### AVAILABLE DATA

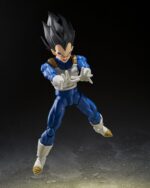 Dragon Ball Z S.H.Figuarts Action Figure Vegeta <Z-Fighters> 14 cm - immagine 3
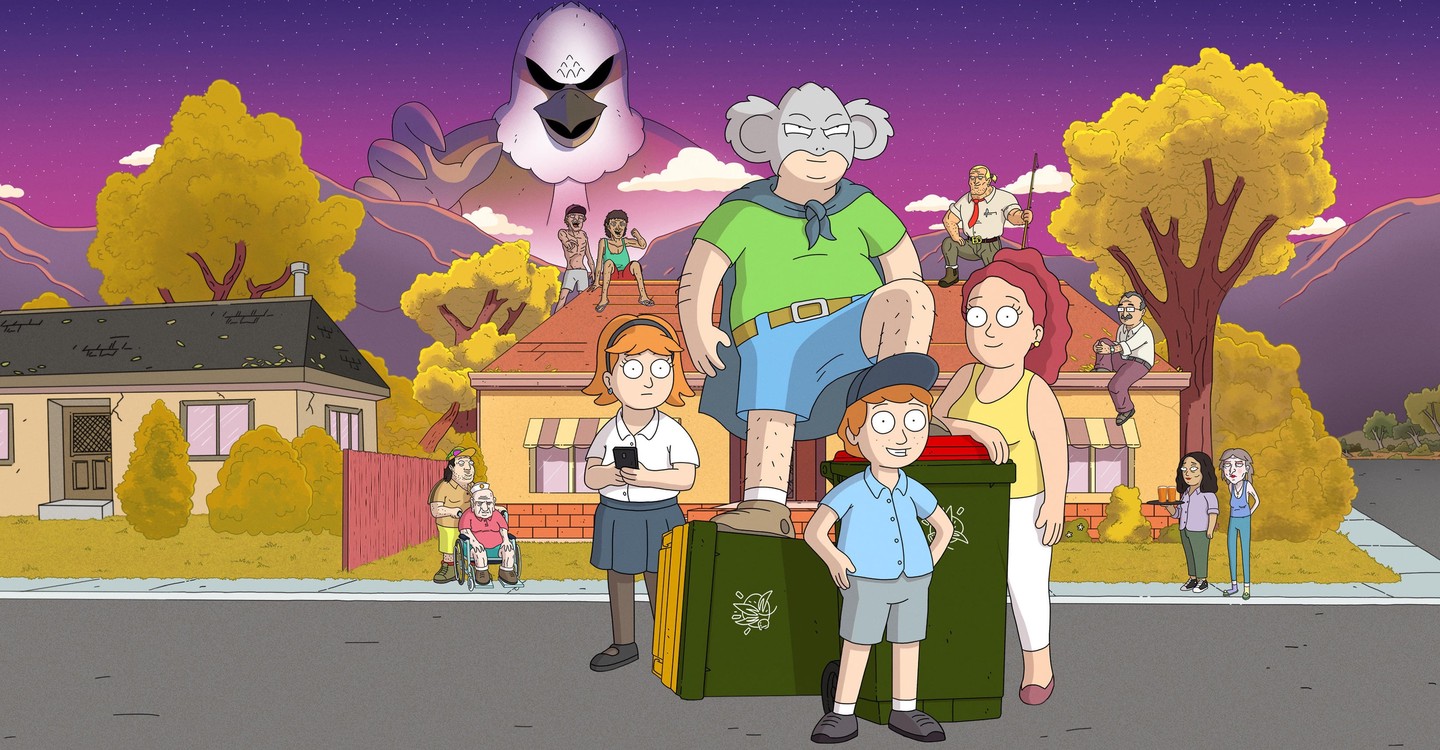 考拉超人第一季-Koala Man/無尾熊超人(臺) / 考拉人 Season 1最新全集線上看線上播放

--

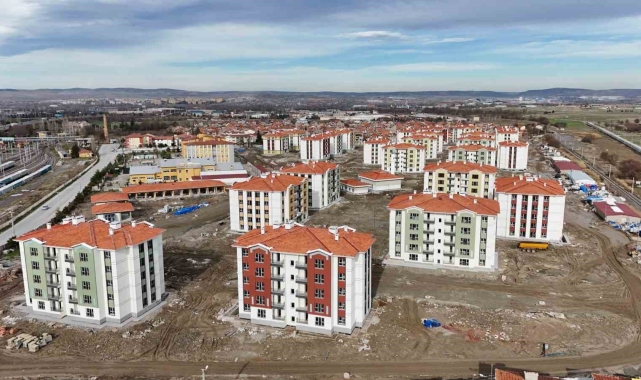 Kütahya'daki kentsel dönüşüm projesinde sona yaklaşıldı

### REQUIRED ACTION
The copy should hold exactly the lines above from the one with "Dragon Ball Z" through the one with "考拉超人第一季-Koala Man/無尾熊超人(臺) /", both ends counted, and no pictures at all.

### RESPONSE TO THIS EXERCISE
 Dragon Ball Z S.H.Figuarts Action Figure Vegeta <Z-Fighters> 14 cm - immagine 3
 考拉超人第一季-Koala Man/無尾熊超人(臺) / 考拉人 Season 1最新全集線上看線上播放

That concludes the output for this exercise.